PORTUS

Port ou havre, servant à abriter et à recevoir des vaisseaux ; endroit de refuge contre le mauvais temps ou contre une escadre ennemie ; bassin servant au chargement et au déchargement des marchandises. Ce mot désigne tout à la fois un havre ménagé par la nature dans une baie ou à l'embouchure d'un fleuve, et un bassin creusé de main d'homme. Sur la première de ces deux espèces de ports, il n'y a pas besoin d'explications, mais la seconde est assez importante pour qu'on demande quelques détails sur la manière dont les anciens la comprenaient et sur les résultats qu'ils obtenaient, d'autant plus que ce genre d'ouvrage occupe une grande place dans leurs travaux publics.

Les Grecs et les Romains paraissent avoir construit leurs ports sur le même plan, sans presque aucune différence dans les détails, comme l'attestent les traces et les débris qui s'en conservent encore en beaucoup d'endroits de la Grèce et de l'Italie. Ils se composaient d'un bassin extérieur (λιμήν, des Grecs, notre avant-port), avec un ou plusieurs bassins plus intérieurs, plus enfermés dans les terres (ὄρμοι, en grec) et se rattachant par un chenal à l'avant-port. Ces ports sont presque toujours situés près de l'embouchure d'une rivière ou dans une crique formée par la mer ; ils ont donc une rade. L'entrée du port est protégée par un brise-lames en tête de la jetée, sur laquelle s'élevaient un phare et des tours fortifiées, et au besoin on tendait en travers de cette entrée, pour la fermer à une flotte ennemie, des chaînes ou des barres de fer. La jetée était construite sur arcades, pour combattre la tendance naturelle des ports artificiels à se remplir de galets et à s'ensabler, assez de calme étant établi dans l'intérieur du port au moyen d'écluses adaptées aux piliers de ces arcades. On peut voir à Eleusis des jetées ainsi construites ; d'autres sont représentées sur des médailles romaines, des peintures de Pompéi et dans le Virgile du Vatican. A l'intérieur du port, tout autour du bassin, régnait une large route, ou quai, soutenue par un mur en maçonnerie et bordé de magasins ou entrepôts, d'un marché, de la maison du capitaine du port et d'un temple, presque toujours dédié à Vénus, par allusion à sa naissance miraculeuse du sein des flots.

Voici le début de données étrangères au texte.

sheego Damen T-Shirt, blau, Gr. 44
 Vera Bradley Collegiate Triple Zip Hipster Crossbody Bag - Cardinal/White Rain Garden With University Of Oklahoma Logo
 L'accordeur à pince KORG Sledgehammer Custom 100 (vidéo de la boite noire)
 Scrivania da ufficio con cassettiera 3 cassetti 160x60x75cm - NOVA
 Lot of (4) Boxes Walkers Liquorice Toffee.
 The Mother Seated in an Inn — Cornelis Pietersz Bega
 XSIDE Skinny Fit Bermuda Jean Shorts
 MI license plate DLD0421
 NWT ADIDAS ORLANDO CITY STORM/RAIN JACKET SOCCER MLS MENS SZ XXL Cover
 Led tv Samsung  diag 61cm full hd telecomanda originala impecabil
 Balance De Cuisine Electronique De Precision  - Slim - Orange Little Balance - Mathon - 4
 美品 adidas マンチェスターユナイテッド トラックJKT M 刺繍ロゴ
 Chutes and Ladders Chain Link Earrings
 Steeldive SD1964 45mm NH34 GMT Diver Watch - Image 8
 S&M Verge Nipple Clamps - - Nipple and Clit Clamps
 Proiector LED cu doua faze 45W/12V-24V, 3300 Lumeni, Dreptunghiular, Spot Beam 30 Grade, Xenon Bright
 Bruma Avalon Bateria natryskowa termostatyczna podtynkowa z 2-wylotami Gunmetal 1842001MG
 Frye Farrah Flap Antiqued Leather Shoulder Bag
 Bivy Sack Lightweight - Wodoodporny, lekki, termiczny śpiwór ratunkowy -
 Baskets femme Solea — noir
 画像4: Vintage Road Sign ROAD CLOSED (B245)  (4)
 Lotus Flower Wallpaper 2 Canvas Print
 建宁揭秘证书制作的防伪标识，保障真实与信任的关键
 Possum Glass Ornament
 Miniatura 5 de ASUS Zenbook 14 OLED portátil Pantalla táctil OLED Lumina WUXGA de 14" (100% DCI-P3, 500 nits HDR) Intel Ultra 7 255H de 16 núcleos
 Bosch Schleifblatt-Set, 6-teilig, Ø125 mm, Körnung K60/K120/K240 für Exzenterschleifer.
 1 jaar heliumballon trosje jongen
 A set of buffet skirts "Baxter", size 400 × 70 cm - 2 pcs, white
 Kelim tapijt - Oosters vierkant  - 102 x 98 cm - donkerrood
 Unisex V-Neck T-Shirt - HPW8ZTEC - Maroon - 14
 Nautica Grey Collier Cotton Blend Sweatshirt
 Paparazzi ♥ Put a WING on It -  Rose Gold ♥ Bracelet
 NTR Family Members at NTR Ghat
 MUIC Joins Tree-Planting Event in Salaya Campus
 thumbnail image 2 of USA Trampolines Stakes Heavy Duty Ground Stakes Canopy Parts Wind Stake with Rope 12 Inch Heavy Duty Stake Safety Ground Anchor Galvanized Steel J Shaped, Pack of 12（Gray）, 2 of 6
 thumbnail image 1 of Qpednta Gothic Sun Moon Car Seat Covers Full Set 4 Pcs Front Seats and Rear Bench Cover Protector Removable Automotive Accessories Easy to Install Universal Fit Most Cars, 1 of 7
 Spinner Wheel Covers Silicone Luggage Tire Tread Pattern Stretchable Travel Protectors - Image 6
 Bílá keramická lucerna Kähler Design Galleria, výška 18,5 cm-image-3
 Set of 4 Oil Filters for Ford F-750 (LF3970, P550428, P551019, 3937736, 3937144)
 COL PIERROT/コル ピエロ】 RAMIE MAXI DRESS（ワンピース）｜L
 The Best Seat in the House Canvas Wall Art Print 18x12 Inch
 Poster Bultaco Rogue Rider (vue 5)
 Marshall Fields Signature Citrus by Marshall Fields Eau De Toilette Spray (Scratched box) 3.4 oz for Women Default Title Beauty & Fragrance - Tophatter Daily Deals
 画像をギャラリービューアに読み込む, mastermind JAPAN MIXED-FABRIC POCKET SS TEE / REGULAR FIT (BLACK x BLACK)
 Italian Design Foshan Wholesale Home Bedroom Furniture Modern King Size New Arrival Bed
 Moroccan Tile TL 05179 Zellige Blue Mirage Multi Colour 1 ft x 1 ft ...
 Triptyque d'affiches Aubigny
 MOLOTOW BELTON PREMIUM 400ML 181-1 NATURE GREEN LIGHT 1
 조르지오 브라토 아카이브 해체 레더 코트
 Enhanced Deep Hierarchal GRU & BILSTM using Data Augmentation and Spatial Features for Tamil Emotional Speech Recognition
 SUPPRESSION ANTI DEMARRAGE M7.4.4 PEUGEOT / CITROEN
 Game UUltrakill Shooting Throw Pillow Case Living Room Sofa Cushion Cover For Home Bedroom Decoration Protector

Des degrés conduisaient du quai à l'eau ; des colonnes étaient placées à égale distance les unes des autres tout autour du port, et servaient à attacher les amarres, ou, quand elles manquaient, de larges anneaux étaient scellés dans le mur du quai et rendaient les mêmes services. De plus, l'ensemble du port et des bâtiments annexés était entouré d'un mur d'enceinte et de fortifications qui ne laissaient pénétrer du côté de la terre que par une porte fortement défendue.

On comprendra encore plus aisément cette description en jetant les yeux sur la gravure suivante, qui donne un plan du port d'Ostie, à l'embouchure du Tibre, d'après un examen attentif des lieux fait par l'architecte vénitien Labacco au seizième siècle ; à cette date, les ruines n'étaient pas aussi défigurées, et l'emplacement même du port n'était pas aussi complètement comblé qu'il l'est maintenant que des amas de vase dérobent aux regards toutes les traces de construction et de travail humain qui alors étaient encore apparentes.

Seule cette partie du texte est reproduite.